**WHAT THE EXERCISE ASKS**
Could you copy exactly the lines from the start of the records through the one containing "352-93 ワンピース ONE", both included, and leave out the pictures?

(EXERCISE MATERIALS Opens)

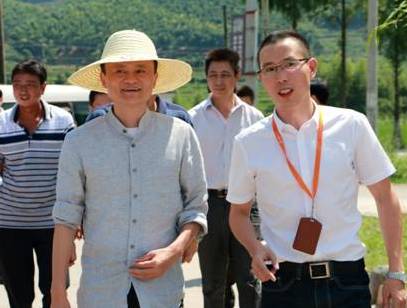 Chinese e-commerce tycoon Jack Ma is considering launching a shopping day designed especially for China's rural community after China's largest online shopping festival on Nov. 11.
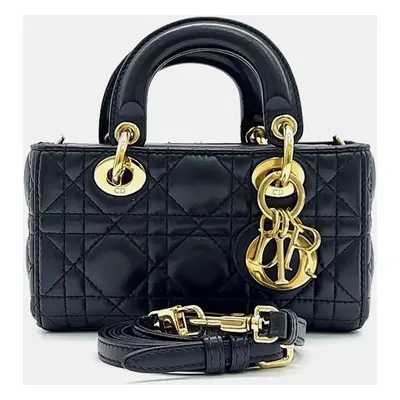 Christian Dior Lady D-JOY Micro Bag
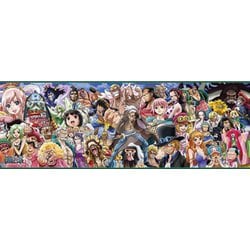 352-93 ワンピース ONE PIECE CHRONICLES IV [ジグソーパズル 352ピース 対象年齢：3歳～（18.2×51.5cm）]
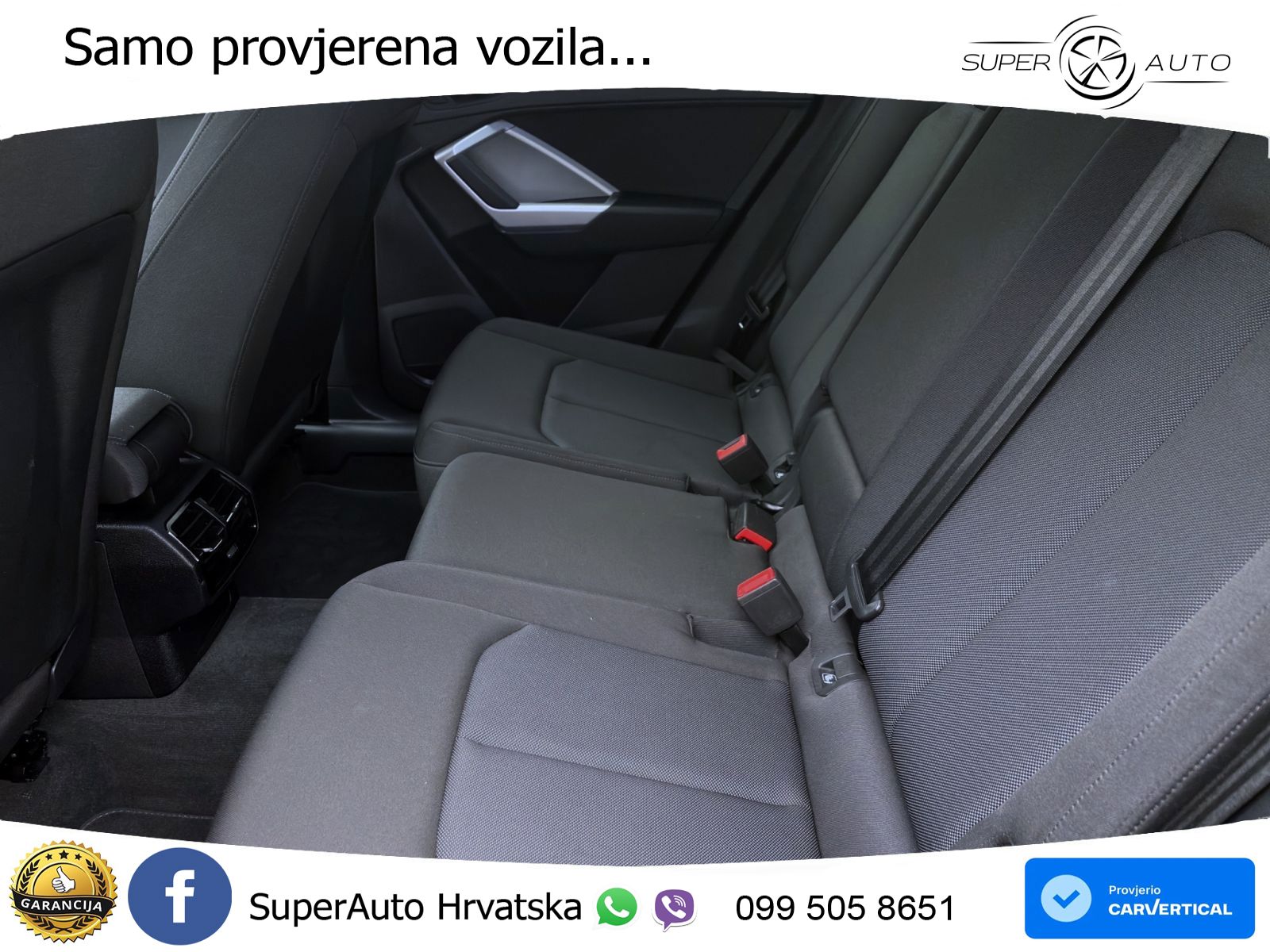 Audi Q3 35 TFSI (150 KS)
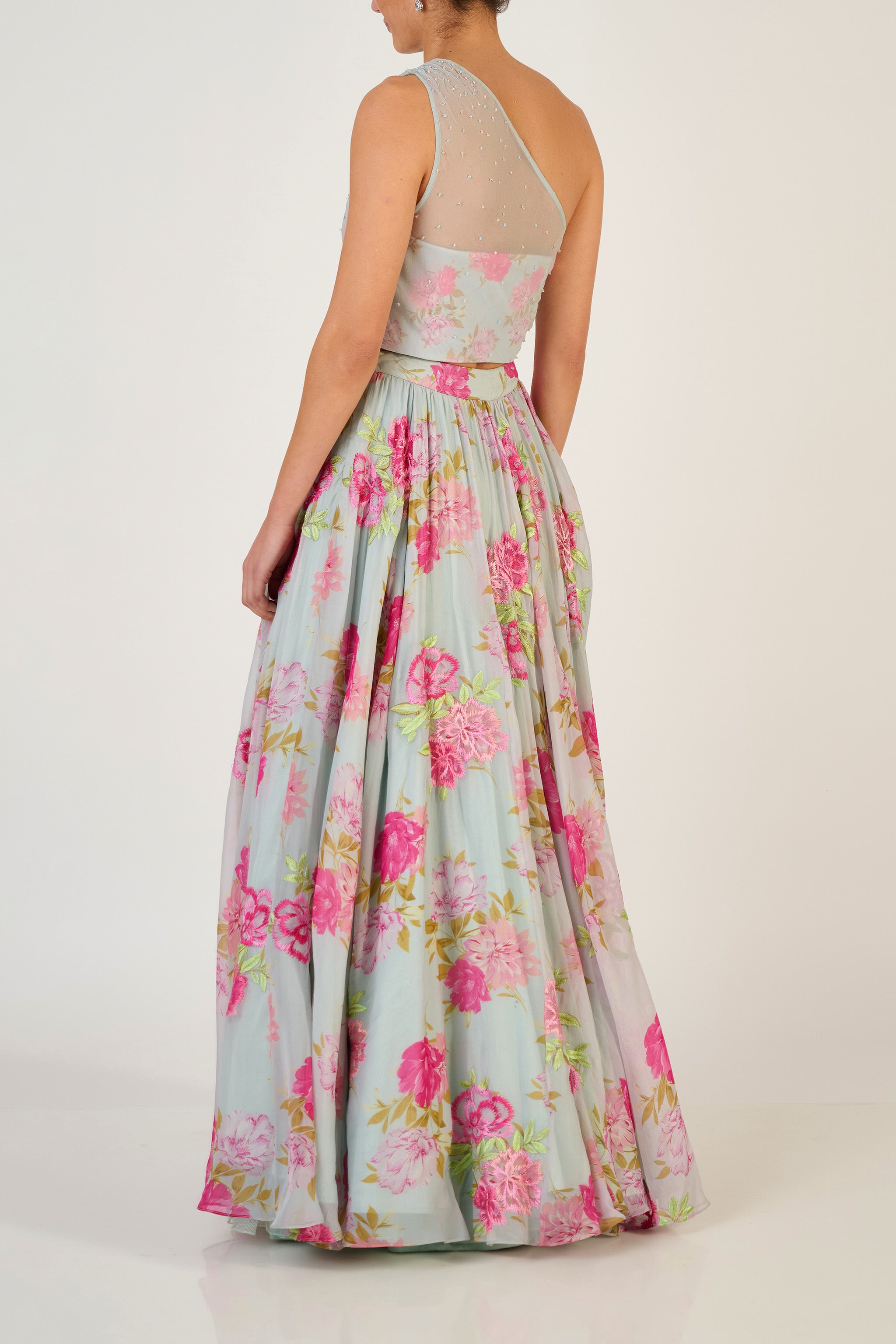Kiara Maxi Skirt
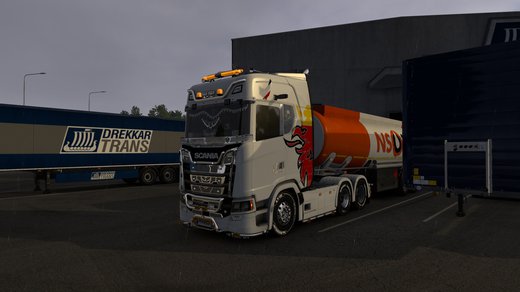 Scania S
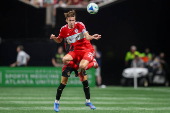 MLS: Chicago Fire FC at Atlanta United FC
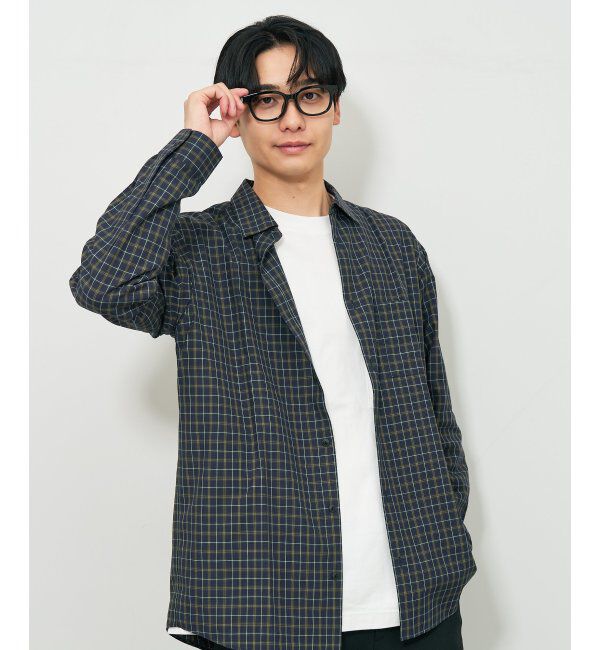  「ウェリントン型 メガネ | 軽量｜太縁｜黒縁フレーム｜伊達メガネ｜ユニセックス｜ビジネス レンズ交換券付」|メガネ|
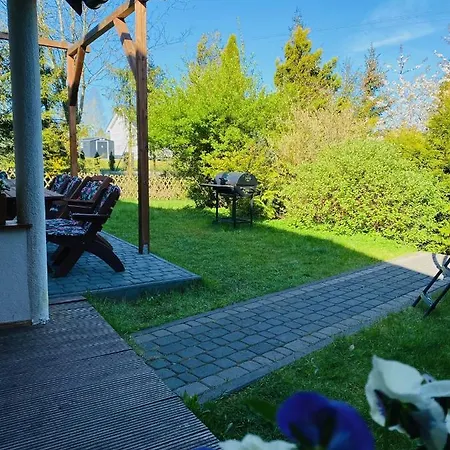 Na Kaszubach Villa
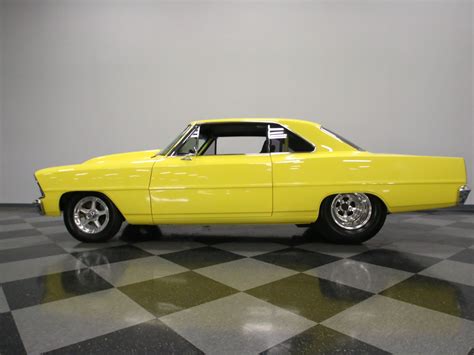 1967 Chevrolet Nova | Classic Cars for Sale - Streetside Classics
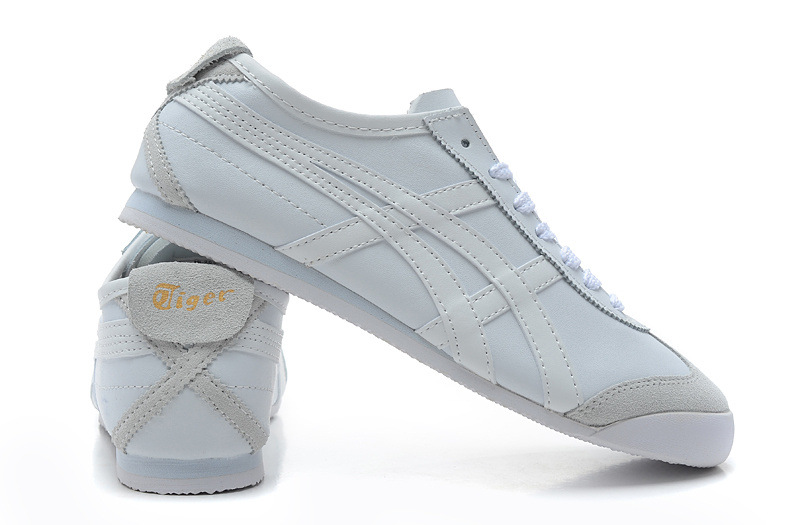 asics 亚瑟士男鞋1代跑鞋tiger asics mexico men爱世克斯休闲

(EXERCISE MATERIALS Closes)

**TASK ANSWER**
 Chinese e-commerce tycoon Jack Ma is considering launching a shopping day designed especially for China's rural community after China's largest online shopping festival on Nov. 11.
 Christian Dior Lady D-JOY Micro Bag
 352-93 ワンピース ONE PIECE CHRONICLES IV [ジグソーパズル 352ピース 対象年齢：3歳～（18.2×51.5cm）]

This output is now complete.